Crawled caption data:

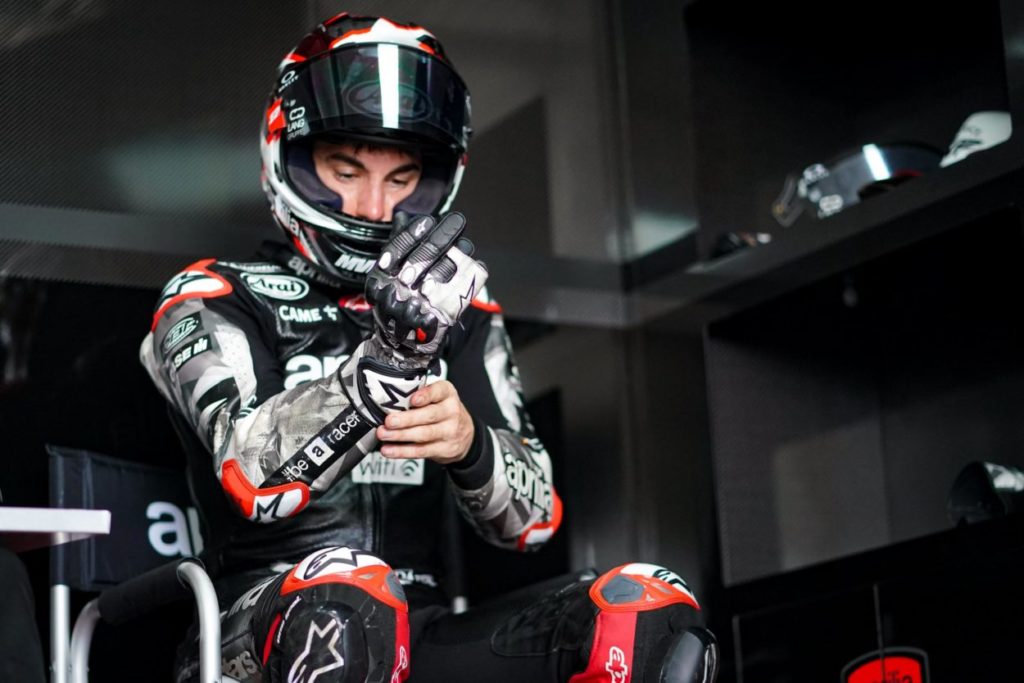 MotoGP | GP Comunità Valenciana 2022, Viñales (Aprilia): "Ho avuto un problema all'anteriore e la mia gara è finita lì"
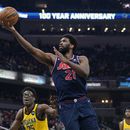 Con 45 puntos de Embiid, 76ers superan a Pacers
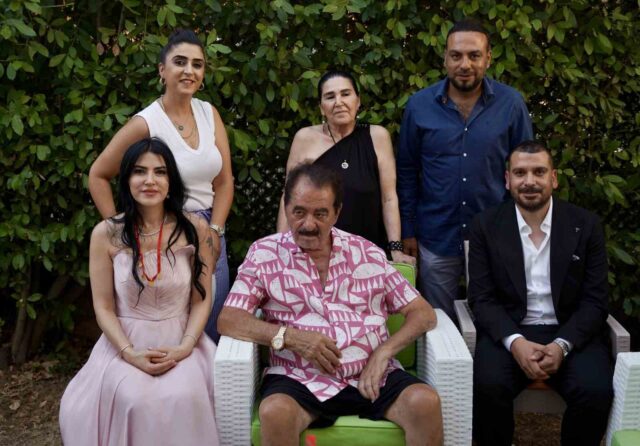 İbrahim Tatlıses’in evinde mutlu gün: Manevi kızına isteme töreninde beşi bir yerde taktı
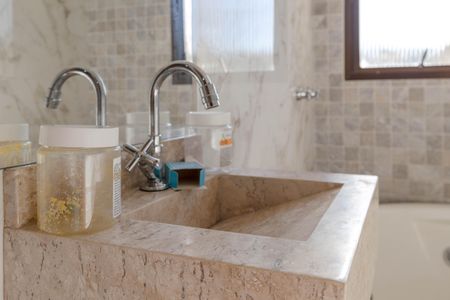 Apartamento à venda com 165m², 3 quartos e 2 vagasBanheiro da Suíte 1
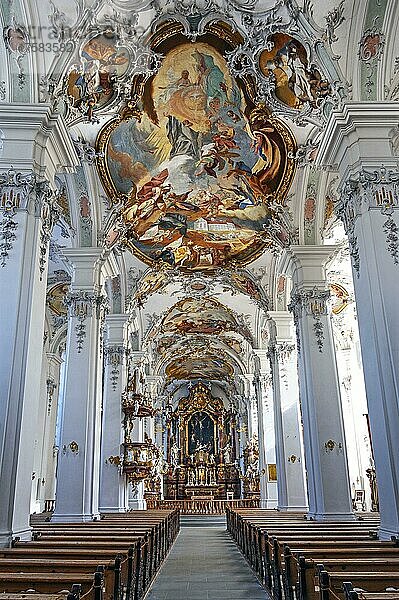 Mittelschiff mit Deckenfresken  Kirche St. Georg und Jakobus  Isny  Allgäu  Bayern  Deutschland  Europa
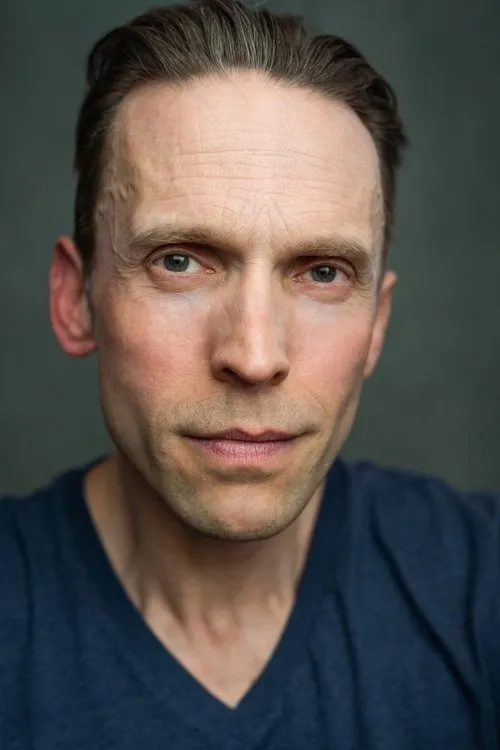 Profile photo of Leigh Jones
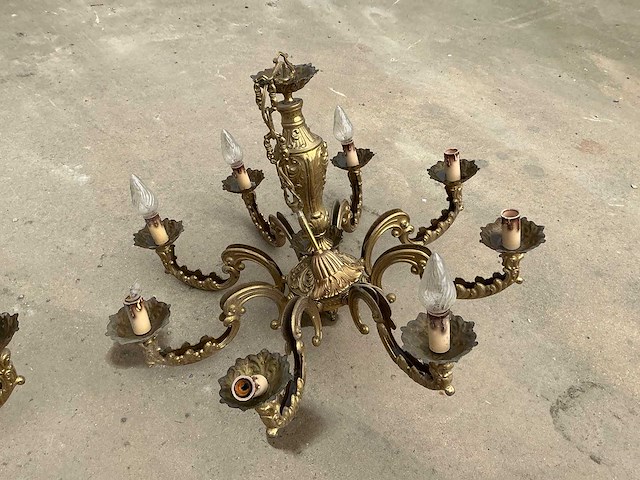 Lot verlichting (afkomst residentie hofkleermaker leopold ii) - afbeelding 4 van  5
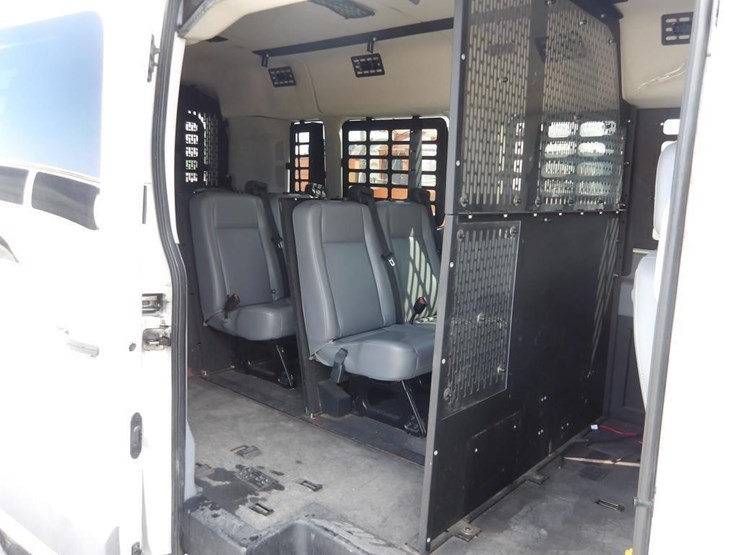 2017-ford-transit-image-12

• Task directions: Look above for the line containing "Apartamento à venda"; output that line and all lines after it through the last one exactly, without the pictures.

• Answer to this problem:
 Apartamento à venda com 165m², 3 quartos e 2 vagasBanheiro da Suíte 1
 Mittelschiff mit Deckenfresken  Kirche St. Georg und Jakobus  Isny  Allgäu  Bayern  Deutschland  Europa
 Profile photo of Leigh Jones
 Lot verlichting (afkomst residentie hofkleermaker leopold ii) - afbeelding 4 van  5
 2017-ford-transit-image-12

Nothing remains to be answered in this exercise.